* [Material for this exercise]

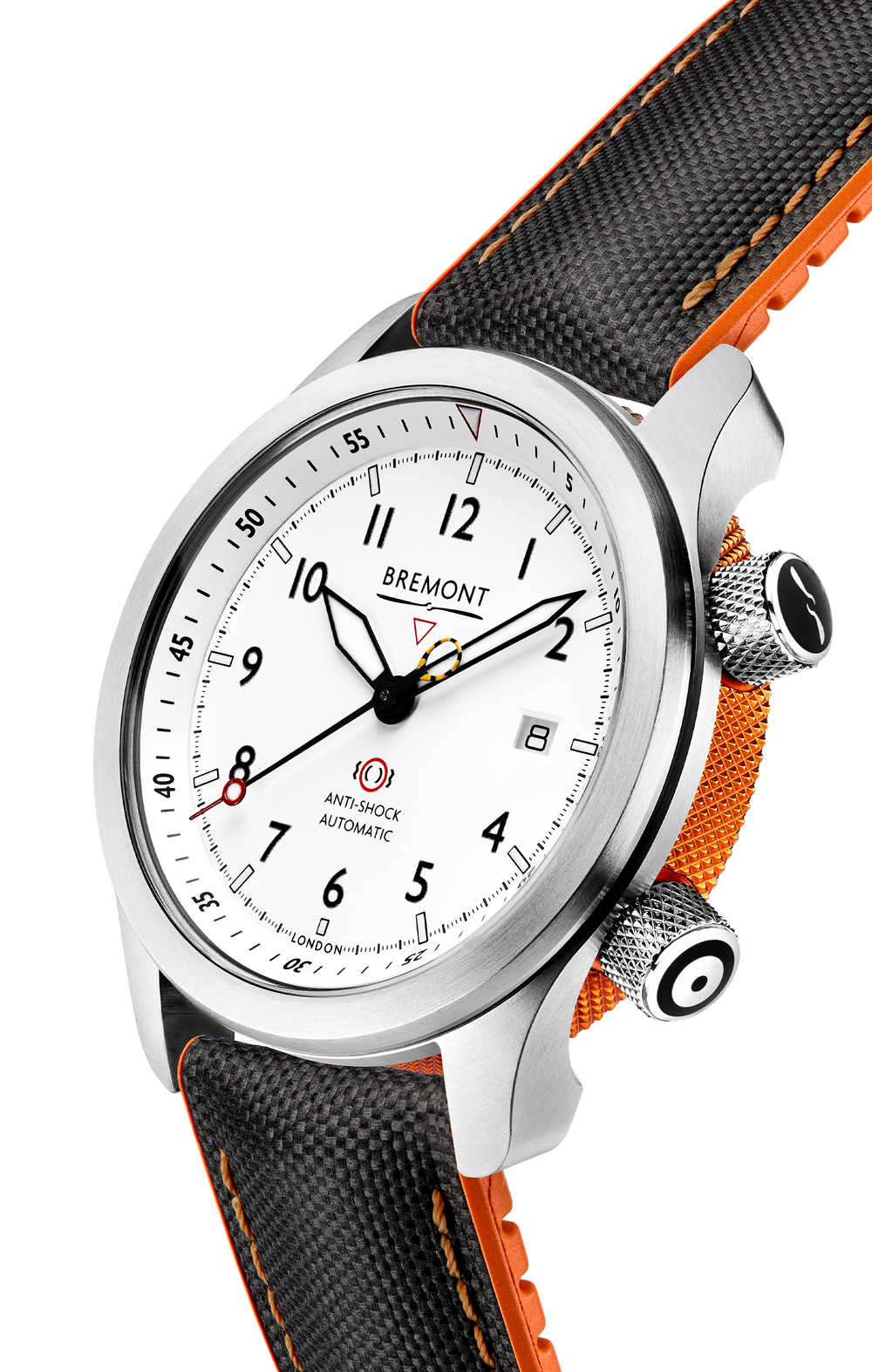 Bremont Chronometers Watches | Mens | MB MBII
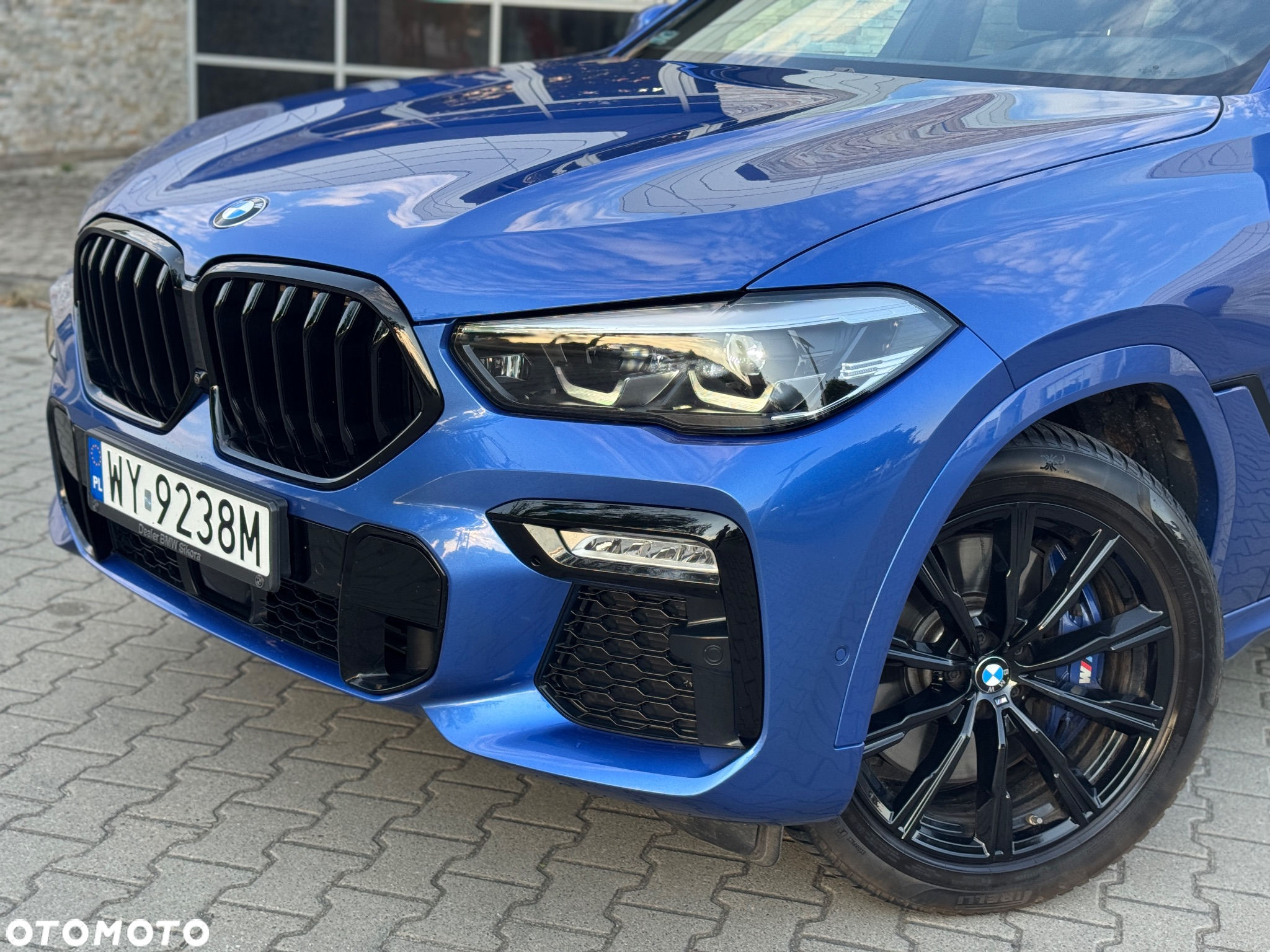 BMW X6 xDrive30d - 35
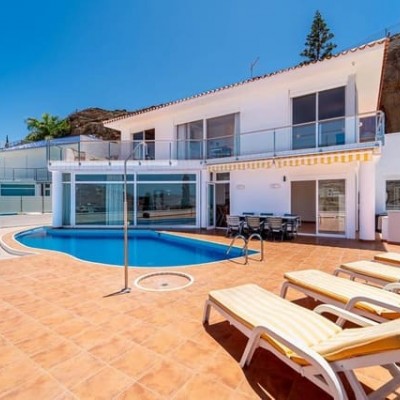 Villa for sale in Tauro, Mogán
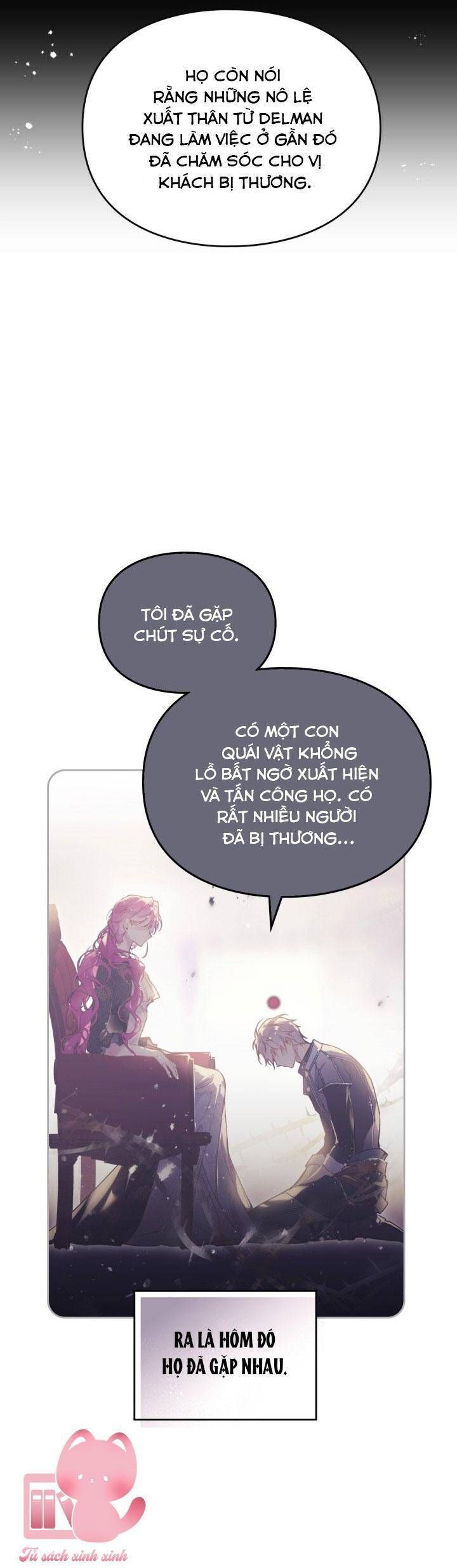 đọc truyện Kết Cục Của Nhân Vật Phản Diện Chỉ Có Thể Là Cái Chết Chương 137 ảnh 26 tại Thiên Thai Truyện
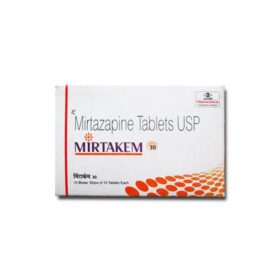 Mirtakem 30mg Tablet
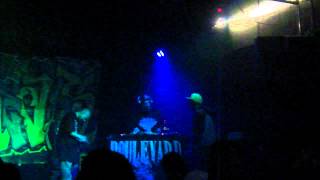 DJ Unic and DJ Loser Playin' the Jamz at Funk Freaks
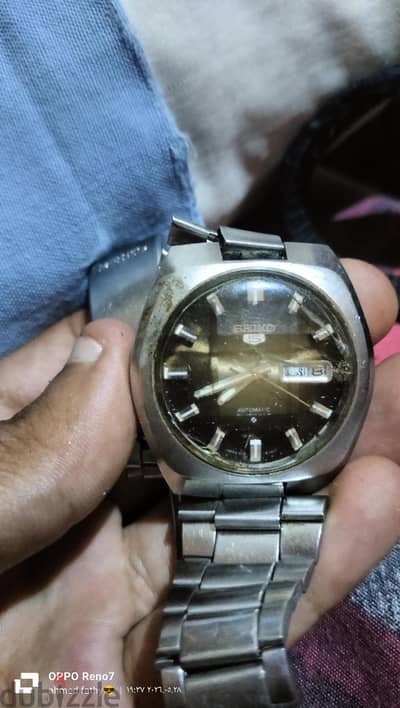 ساعهseiko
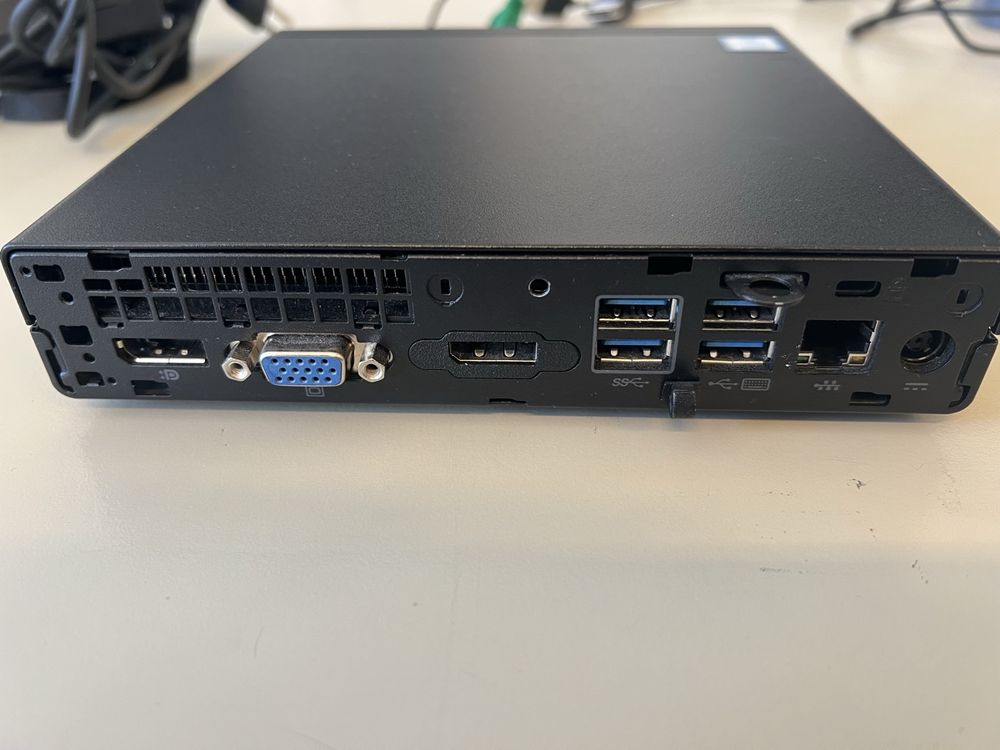 PC Mini HP EliteDesk 800 G2 Core i5 16 Go RAM 512 Go SSD (Gebraucht) in ...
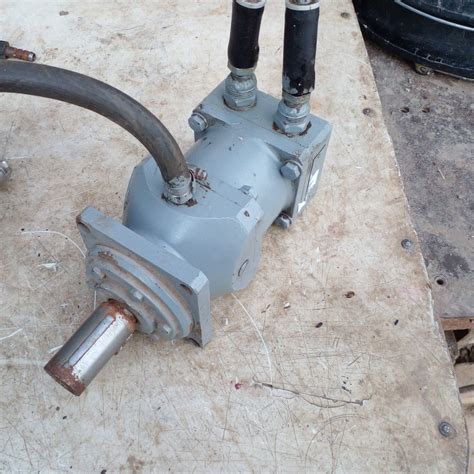 Гідромотор 2215 підсилювач гідравліки: 2 000 грн. - Інші види запчастин ...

* [The task]
In your reply, please print exactly the lines from the one with "PC Mini HP EliteDesk" through the final line of the listing above, both included, and no pictures.

* [Exercise result]
 PC Mini HP EliteDesk 800 G2 Core i5 16 Go RAM 512 Go SSD (Gebraucht) in ...
 Гідромотор 2215 підсилювач гідравліки: 2 000 грн. - Інші види запчастин ...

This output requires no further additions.